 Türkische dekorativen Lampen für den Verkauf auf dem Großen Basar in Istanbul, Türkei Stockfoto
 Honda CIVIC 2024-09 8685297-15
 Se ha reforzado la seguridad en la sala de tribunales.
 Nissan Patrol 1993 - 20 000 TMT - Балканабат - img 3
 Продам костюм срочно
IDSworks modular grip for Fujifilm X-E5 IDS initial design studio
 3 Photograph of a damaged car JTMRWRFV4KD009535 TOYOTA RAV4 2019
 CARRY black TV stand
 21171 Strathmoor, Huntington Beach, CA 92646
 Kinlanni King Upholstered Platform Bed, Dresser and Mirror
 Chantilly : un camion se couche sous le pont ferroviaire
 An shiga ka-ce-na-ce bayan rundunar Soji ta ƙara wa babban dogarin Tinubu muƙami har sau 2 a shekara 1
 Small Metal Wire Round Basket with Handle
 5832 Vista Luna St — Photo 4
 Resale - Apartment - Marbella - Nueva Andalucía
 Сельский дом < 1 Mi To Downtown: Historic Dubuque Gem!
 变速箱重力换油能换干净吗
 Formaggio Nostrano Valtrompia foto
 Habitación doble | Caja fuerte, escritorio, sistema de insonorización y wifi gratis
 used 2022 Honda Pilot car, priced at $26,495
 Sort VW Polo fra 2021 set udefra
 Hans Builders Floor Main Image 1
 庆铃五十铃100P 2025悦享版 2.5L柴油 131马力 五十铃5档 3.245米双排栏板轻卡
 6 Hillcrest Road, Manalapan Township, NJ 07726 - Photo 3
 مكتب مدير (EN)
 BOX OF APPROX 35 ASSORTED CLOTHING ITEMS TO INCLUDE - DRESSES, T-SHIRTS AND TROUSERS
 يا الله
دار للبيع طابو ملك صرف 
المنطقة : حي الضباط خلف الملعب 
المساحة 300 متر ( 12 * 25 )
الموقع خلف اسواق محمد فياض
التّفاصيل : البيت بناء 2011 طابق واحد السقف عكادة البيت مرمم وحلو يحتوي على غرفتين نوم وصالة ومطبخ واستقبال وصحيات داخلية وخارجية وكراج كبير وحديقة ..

===============

**About this exercise**:
Read through the entries above and copy each line that has the string "Honda" in it.

**Task output**:
 Honda CIVIC 2024-09 8685297-15
 used 2022 Honda Pilot car, priced at $26,495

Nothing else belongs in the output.